— Task —
Every line of the material is to be quoted verbatim, minus the pictures.

— Data for this exercise —
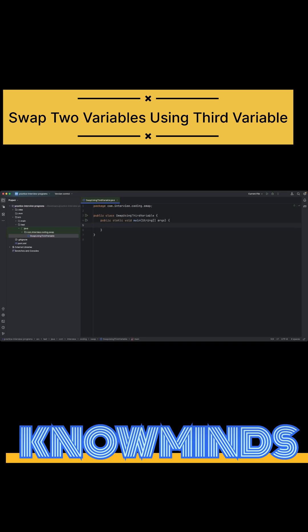Okay, so inside main method, let's say I have created two variables: a equals to 10 and b equals to 20. I'll create a third variable called temp.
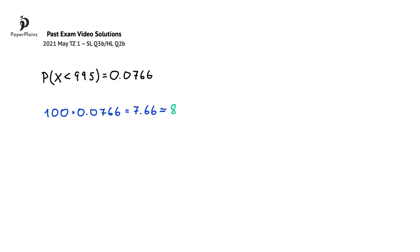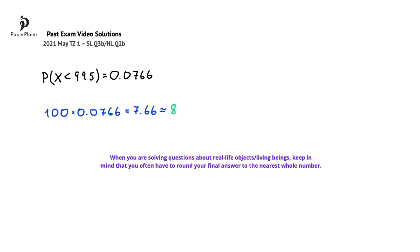My exam-taking tip is related to the rounding that we did. When you are solving questions about real-life objects or living beings, keep in mind that you often have to round your final answer to the nearest whole number.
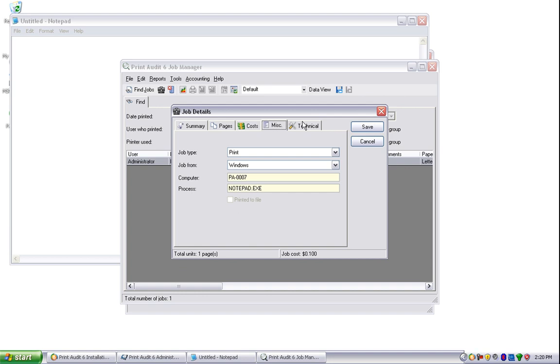Once you have configured the Print Audit 6 administrator to work best in your environment, you are ready to install the Print Audit 6 client on four other workstations that you want to track printing from.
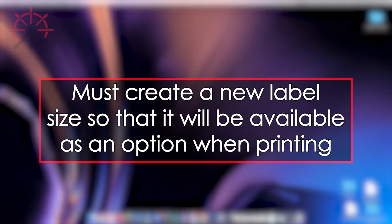It is necessary to create the label size within the Mac operating system so that when it comes time to print your label, the print dialog will have your custom defined label size available as an option to print.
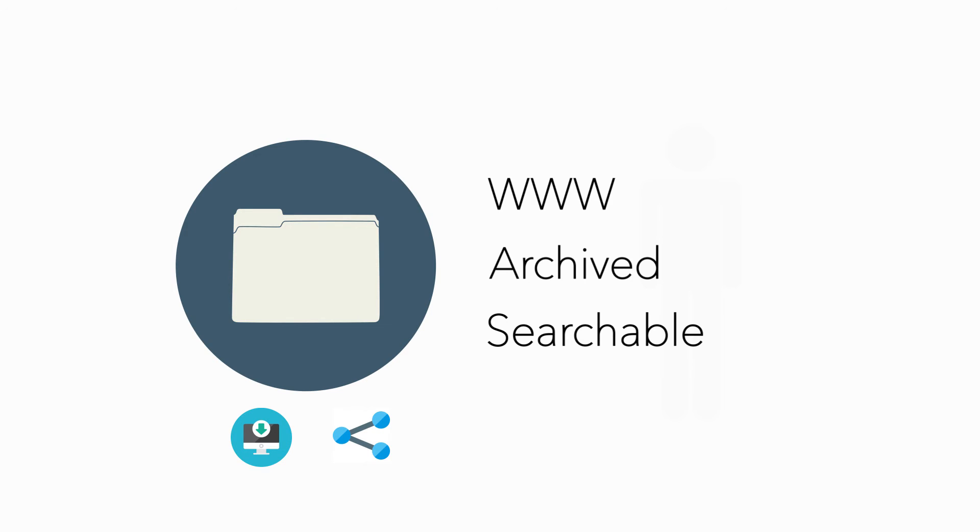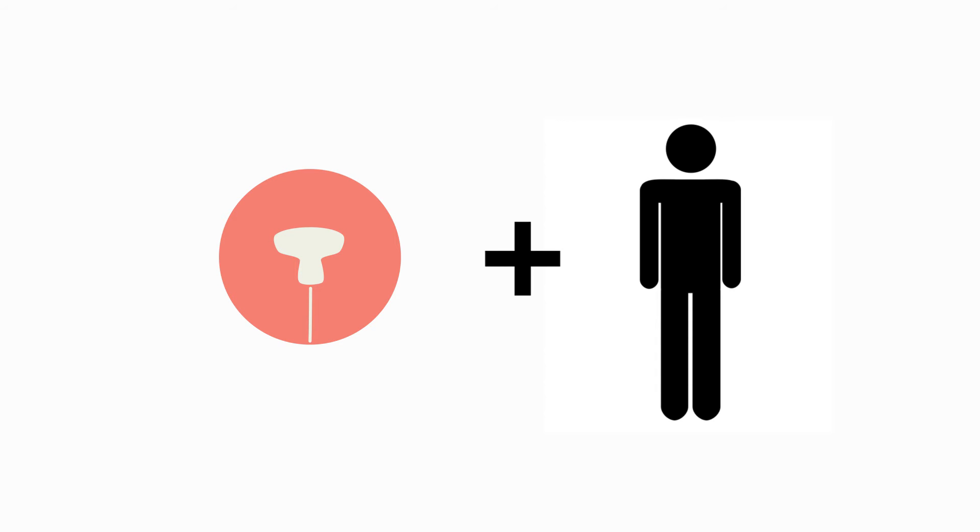That being said, we have a lot of work to do and we need your help. There are millions of ultrasound images out there just waiting to be shared.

— Solution to this exercise —
Okay, so inside main method, let's say I have created two variables: a equals to 10 and b equals to 20. I'll create a third variable called temp.
My exam-taking tip is related to the rounding that we did. When you are solving questions about real-life objects or living beings, keep in mind that you often have to round your final answer to the nearest whole number.
Once you have configured the Print Audit 6 administrator to work best in your environment, you are ready to install the Print Audit 6 client on four other workstations that you want to track printing from.
It is necessary to create the label size within the Mac operating system so that when it comes time to print your label, the print dialog will have your custom defined label size available as an option to print.
That being said, we have a lot of work to do and we need your help. There are millions of ultrasound images out there just waiting to be shared.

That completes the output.